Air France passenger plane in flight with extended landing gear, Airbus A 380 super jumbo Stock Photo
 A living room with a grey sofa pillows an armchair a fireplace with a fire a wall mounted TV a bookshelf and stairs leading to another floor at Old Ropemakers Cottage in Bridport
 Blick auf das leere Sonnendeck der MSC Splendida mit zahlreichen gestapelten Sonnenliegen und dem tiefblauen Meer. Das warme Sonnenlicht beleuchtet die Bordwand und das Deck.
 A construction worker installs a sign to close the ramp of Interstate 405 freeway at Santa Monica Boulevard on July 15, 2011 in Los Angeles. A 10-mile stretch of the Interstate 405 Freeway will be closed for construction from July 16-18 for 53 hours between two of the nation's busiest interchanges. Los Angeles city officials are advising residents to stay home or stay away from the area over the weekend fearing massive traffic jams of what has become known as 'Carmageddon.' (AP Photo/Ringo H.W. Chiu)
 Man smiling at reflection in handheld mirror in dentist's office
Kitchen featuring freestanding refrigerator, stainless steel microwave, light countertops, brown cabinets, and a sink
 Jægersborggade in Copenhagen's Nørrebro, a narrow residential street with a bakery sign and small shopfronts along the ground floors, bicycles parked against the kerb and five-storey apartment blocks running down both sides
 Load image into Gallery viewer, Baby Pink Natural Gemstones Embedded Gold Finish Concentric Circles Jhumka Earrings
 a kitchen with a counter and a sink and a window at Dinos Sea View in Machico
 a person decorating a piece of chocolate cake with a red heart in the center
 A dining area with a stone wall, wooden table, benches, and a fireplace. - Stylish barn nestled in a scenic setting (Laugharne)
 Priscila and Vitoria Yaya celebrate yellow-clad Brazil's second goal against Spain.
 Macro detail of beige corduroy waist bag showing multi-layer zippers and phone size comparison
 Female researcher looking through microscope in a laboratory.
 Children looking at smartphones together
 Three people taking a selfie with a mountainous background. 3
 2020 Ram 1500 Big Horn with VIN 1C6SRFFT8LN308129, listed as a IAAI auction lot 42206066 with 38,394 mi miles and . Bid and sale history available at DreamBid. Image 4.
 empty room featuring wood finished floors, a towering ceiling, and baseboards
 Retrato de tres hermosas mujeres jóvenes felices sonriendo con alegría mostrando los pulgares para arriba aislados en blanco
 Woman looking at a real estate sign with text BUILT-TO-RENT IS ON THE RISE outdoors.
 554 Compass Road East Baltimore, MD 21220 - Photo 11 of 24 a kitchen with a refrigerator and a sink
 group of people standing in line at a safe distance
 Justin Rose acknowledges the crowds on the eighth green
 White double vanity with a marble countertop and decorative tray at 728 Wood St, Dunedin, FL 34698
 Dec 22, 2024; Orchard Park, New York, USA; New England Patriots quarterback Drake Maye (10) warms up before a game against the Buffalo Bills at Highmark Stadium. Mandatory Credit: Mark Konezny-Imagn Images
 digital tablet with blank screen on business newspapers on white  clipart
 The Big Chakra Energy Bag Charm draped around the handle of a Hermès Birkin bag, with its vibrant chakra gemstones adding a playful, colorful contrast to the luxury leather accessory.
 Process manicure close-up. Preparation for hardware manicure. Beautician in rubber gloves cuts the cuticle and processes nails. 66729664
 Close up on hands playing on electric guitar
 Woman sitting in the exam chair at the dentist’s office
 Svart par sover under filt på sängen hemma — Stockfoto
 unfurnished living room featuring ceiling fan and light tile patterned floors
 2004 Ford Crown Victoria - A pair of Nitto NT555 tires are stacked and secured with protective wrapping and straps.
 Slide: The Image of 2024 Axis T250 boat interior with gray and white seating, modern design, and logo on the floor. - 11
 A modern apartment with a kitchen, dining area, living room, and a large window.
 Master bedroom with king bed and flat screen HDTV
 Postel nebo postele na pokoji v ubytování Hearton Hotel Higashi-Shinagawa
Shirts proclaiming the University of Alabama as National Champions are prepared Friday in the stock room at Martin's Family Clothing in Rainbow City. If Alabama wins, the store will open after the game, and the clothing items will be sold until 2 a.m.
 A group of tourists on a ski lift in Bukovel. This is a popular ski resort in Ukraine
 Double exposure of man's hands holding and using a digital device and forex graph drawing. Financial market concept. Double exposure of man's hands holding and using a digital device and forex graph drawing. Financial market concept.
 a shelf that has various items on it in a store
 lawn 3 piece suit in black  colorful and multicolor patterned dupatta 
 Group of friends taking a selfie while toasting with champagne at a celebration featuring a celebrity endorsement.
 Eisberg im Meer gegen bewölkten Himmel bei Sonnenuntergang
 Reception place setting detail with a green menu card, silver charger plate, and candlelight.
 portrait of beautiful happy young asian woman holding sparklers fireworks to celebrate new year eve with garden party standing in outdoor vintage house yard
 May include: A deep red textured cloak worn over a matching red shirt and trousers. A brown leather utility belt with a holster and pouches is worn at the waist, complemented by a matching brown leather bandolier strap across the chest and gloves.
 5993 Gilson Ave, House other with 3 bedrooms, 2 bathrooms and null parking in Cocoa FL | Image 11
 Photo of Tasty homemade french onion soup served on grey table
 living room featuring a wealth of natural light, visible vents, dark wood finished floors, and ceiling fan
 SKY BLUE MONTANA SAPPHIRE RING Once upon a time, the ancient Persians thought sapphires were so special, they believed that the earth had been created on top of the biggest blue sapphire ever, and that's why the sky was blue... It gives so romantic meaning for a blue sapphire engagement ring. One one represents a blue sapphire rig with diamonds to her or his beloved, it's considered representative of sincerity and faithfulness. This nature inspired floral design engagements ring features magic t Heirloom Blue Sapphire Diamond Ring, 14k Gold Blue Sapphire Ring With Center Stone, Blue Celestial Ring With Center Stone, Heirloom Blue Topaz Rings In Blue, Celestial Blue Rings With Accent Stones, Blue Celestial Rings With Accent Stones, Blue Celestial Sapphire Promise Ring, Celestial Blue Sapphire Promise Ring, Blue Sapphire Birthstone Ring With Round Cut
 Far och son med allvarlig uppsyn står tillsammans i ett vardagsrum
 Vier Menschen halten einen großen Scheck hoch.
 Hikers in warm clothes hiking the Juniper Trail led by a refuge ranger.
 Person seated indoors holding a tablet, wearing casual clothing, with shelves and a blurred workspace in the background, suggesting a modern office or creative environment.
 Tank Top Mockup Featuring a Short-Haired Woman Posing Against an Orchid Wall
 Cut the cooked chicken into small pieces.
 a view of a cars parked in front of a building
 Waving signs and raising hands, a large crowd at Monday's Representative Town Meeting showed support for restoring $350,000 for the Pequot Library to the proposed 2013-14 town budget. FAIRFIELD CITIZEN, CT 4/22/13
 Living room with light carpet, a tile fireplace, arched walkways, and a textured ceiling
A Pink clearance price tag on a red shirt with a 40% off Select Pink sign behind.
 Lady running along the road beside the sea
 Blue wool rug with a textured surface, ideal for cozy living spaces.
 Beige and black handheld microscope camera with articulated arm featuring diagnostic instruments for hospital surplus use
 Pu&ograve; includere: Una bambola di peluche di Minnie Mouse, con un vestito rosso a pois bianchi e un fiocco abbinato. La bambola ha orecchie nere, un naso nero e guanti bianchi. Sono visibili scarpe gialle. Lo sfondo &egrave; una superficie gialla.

##########

## Exercise
Search the entries for the string "Meer" and return each line where it turns up.

## Task response
 Blick auf das leere Sonnendeck der MSC Splendida mit zahlreichen gestapelten Sonnenliegen und dem tiefblauen Meer. Das warme Sonnenlicht beleuchtet die Bordwand und das Deck.
 Eisberg im Meer gegen bewölkten Himmel bei Sonnenuntergang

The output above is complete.